What exactly is a princess? Technically speaking, a princess is someone who marries a prince, but from the perspective of little girls, that’s a minor aspect. The most important aspect of a princess is that she is the most beautiful woman in the world. A superhero’s source of power is his physical strength. Similarly, a princess’ source of power is her beauty. In both cases, it’s about power. Little girls quickly realize that beauty is the easiest way to obtain power. Little boys realize the same about their physical strength. Both princesses and superheroes are feeding their desire to have power over others. And we can’t blame them for that. It’s only natural.

The idea that being smart is more important than being beautiful or being physically strong, is thoroughly unconvincing for little kids because they cannot see any evidence of that in real life. They see beautiful girls and strong boys getting what they want. At least with boys, soon enough, they do realize that intelligence is indeed more powerful than physical strength. These days, being physically strong doesn’t get you so far in life. But the same is not true for girls; beautiful women continue to wield power well into their adult lives. So, it’s only natural that they dream of becoming a princess.
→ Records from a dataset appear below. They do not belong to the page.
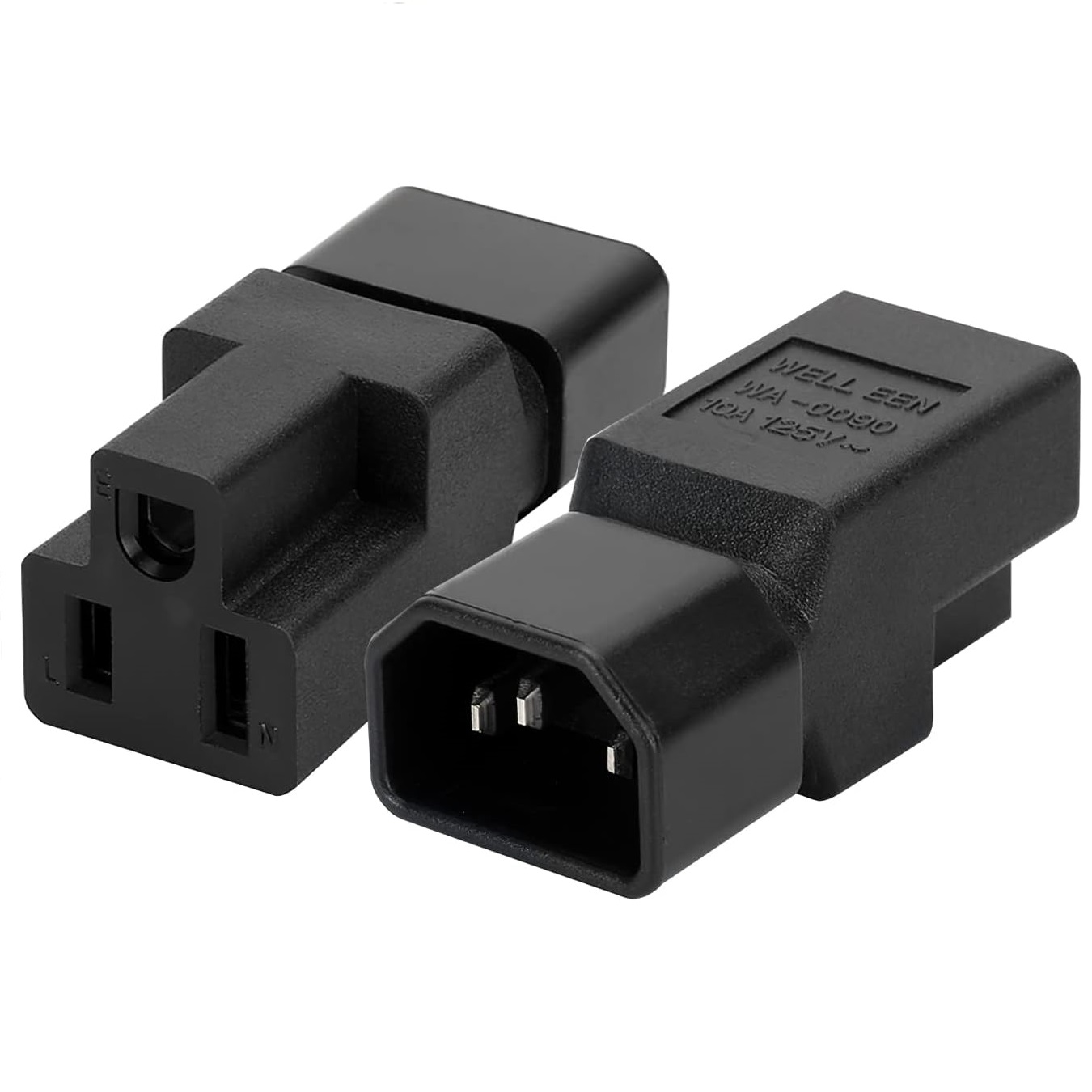 CABLEPELADO Adaptador alimentación C14 Macho a Nema 5-15R, Convertidor de Enchufe C14 a NEMA 5-15R, Adaptador de Enchufe C14 a NEMA 5-15R, Voltaje: 250V Corriente 15A, PVC, Negro
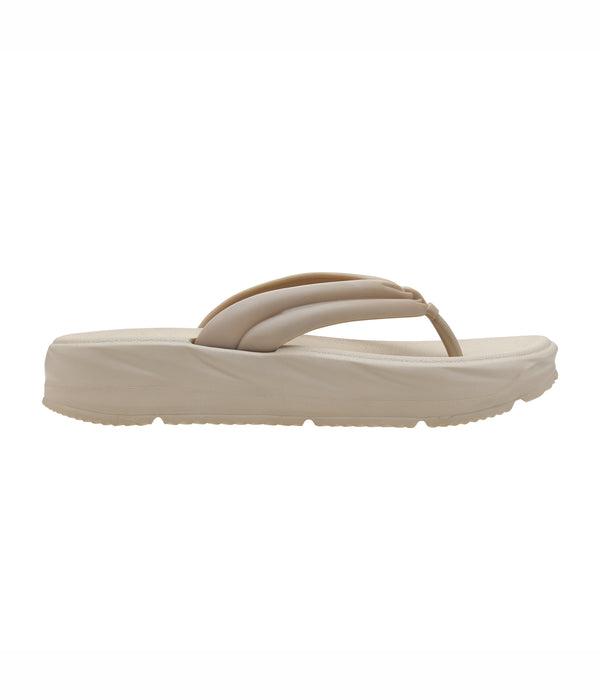 Fluffy Beige Thong Flip Flops for Women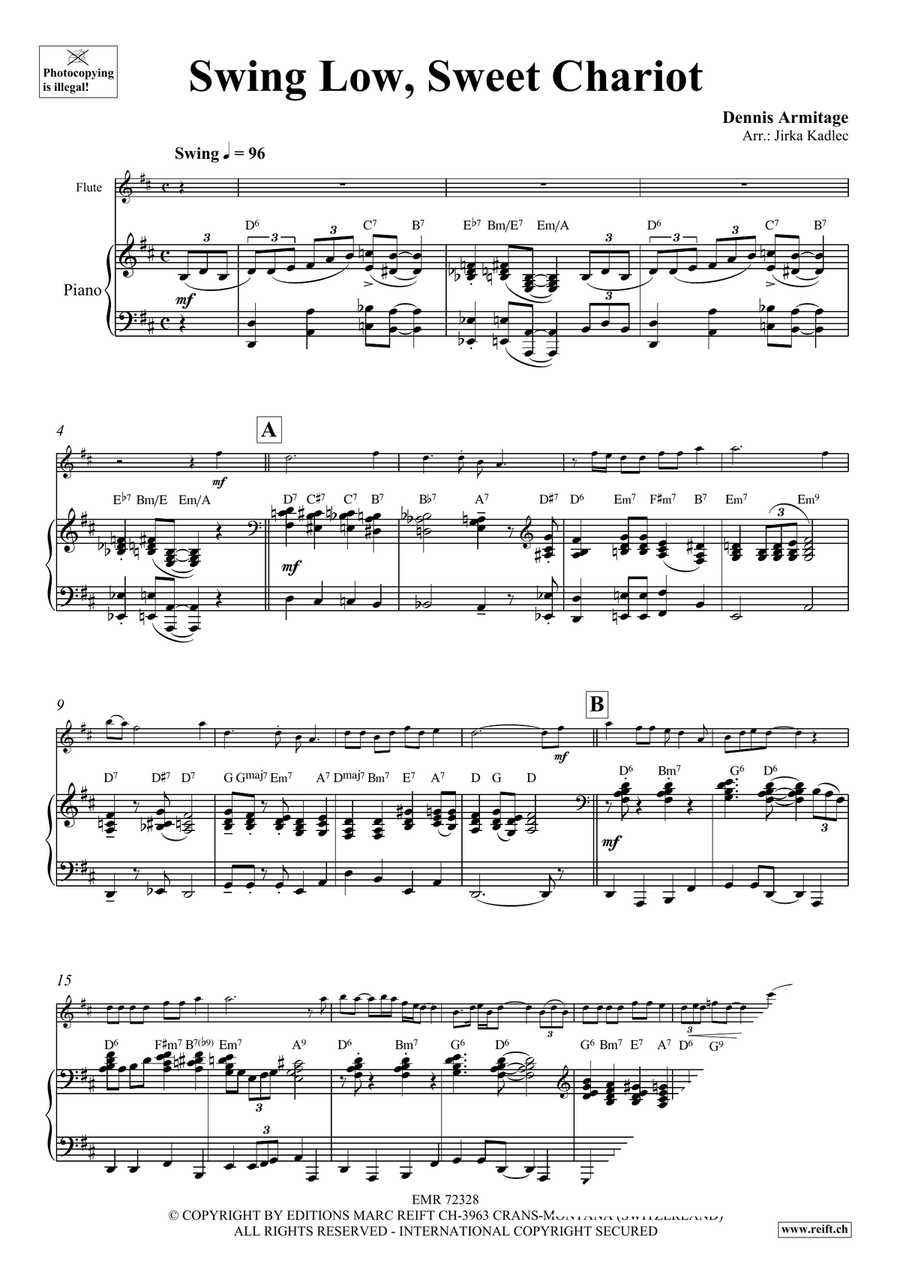 Swing Low, Sweet Chariot Swing Low, Sweet Chariot Flute Solo scores gallery preview page 4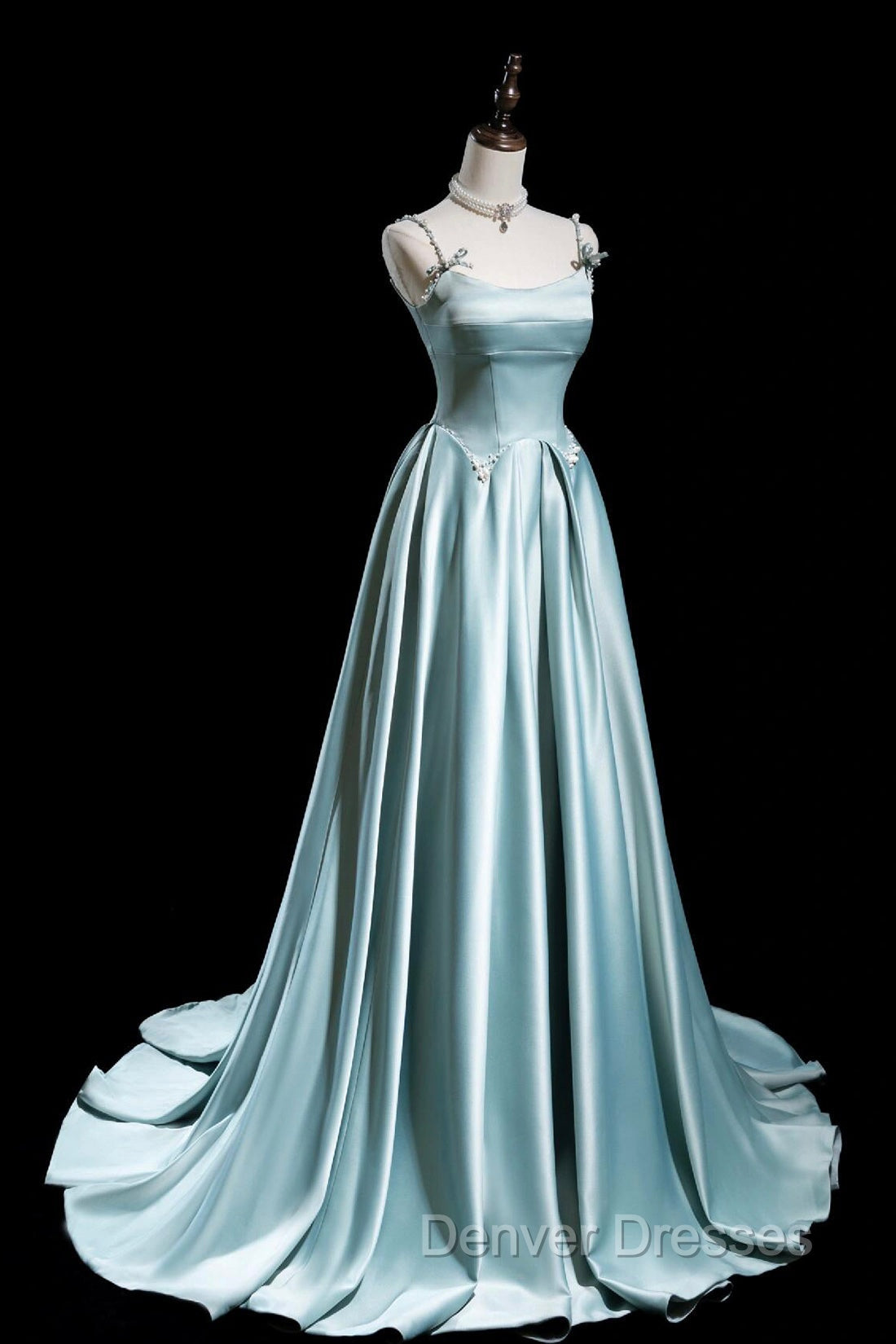 Cute Satin Long A-Line Prom Dress, Ice Blue Spaghetti Straps Evening Dress Secondary image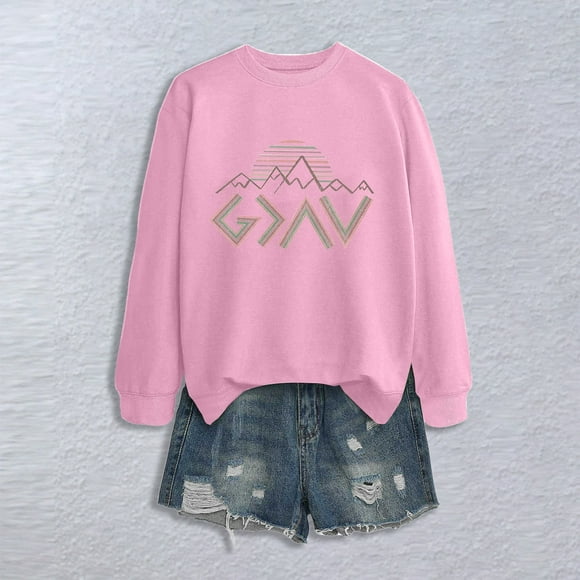 WILLBEST hoodie Womens Sweatshirt God Is Greater Than The Highs and Lows Graphic Print Long Sleeve Lined Shirts waterfowl hoodie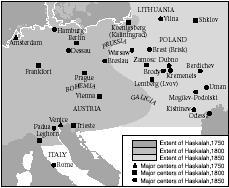 Kifelé a gettóból Polgárosodás: foglalkozási szerkezet, értékrend, viselkedési minták, esztétika Emancipáció: jogi értelemben vett egyenjogúsítás A zsidóknak, mint egyéneknek a zsidóknak mint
The problem, however, is that we all know where that dream leads to; an eternal suffering. Nobody can stay being the most beautiful woman forever, not even a Ms. Universe. The more dependent you are on your beauty, the more you will suffer as you get older. At some point, you have to find some other meaning in life. This is why we worry about our daughters obsessing over princesses. But how do we teach them the danger of depending on their beauty? They’ll never listen to us. When the idea of death exists in your mind only as an abstract concept, you are essentially living in eternity. You wouldn’t worry about the future. You wouldn’t care that you might become ugly once you are old. That’s someone else’s problem.

So, what should we do about this princess problem? For now, my attitude is: Let them live in a fantasy; they’ll have a plenty of opportunity down the road to face the reality. For every subject, there is an appropriate time to learn/teach. Teaching the wrong thing at the wrong time could result in developing a complex, a hang-up, a resentment or a fetish. Until the time is right, let them have a cake and eat it too.